Analistas militares ocidentais vinha mostrando surpresa pela falta de ação da Força Aérea no conflito e com o fato de que os ucranianos ainda operam, aparentemente, seus aviões e defesas de forma algo limitada. Agora será a hora de aferir se o fiasco da aviação russa na guerra de 2008 contra a Geórgia, que levou à reorganização e modernização das Forças Armadas de Putin, realmente deu certo na prática.

No caso do Su-34, o piloto ejetou e sobreviveu, mas seu navegador ficou preso no cockpit e morreu. O aviador foi capturado e sua imagem começou a circular, causando espanto pela notoriedade da figura: trata-se de um certo major Krasnorutchev, que em 2016 posou ao lado de Putin e o ditador Bashar al-Assad na base russa de Hmeimin, na Síria.

Com outros pilotos e aviões russos ao fundo, celebrava-se a intervenção militar promovida por Putin em 2015 para salvar o aliado na brutal guerra civil iniciada em 2011. Moscou teve lá a oportunidade de experimentar suas aeronaves e táticas em combate real, e o Su-34 ganhou rapidamente fama de avião implacável.

Seu desempenho foi tão elogiado que a produção, tímida desde sua entrada em serviço em 2014, foi acelerada e até a guerra havia 122 unidades distribuídas por três regimentos, segundo o Instituto Internacional de Estudos Estratégicos (Londres). Com velocidade máxima de 1.900 km/h, ele carrega até oito toneladas de bombas e mísseis, em diversas configurações.

O Su-34 é um redesenho do clássico Su-27, cujo primeiro protótipo voou em 1990, no ocaso soviético. Ficou anos em desenvolvimento. Ele tem uma cabine amplamente modificada: maior, com o fundo mais achatado e toda blindada.
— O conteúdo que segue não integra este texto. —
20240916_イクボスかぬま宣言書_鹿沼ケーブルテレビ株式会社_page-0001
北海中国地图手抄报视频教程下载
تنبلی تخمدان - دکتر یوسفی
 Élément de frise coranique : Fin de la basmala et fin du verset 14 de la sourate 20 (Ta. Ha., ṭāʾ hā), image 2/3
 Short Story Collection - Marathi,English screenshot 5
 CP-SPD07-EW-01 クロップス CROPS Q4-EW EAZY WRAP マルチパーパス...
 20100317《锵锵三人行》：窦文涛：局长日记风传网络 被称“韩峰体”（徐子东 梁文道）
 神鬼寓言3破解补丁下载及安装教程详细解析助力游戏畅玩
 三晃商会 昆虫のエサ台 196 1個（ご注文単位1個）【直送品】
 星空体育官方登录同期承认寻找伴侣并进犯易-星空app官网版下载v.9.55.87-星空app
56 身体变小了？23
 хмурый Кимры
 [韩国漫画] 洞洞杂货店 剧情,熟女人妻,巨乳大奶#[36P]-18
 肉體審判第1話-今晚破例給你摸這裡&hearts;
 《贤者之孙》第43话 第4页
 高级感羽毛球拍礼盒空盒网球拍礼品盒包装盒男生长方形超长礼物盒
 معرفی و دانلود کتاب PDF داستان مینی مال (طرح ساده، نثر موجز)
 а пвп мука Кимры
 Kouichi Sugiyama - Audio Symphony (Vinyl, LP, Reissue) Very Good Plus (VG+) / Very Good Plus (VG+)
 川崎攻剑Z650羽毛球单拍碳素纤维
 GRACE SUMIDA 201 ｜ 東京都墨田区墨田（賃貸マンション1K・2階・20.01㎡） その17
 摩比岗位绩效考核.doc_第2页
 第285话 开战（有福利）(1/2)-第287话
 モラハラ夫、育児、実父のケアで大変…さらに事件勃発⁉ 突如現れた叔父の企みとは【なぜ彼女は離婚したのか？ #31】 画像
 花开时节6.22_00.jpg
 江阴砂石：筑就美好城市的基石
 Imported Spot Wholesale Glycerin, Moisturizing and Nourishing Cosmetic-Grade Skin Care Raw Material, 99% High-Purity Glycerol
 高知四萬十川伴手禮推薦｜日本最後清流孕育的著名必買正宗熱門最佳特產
Os dois pilotos vão lado a lado, enquanto em versões bipostas de variantes modernas como o Su-30 eles ficam um atrás do outro.

Seguindo uma tendência de forças modernas, ele deverá substituir outros modelos mais antigos, como o venerando avião de ataque a solo Su-25 e o Su-24, ambos em ação na Ucrânia, dos dois lados do conflito.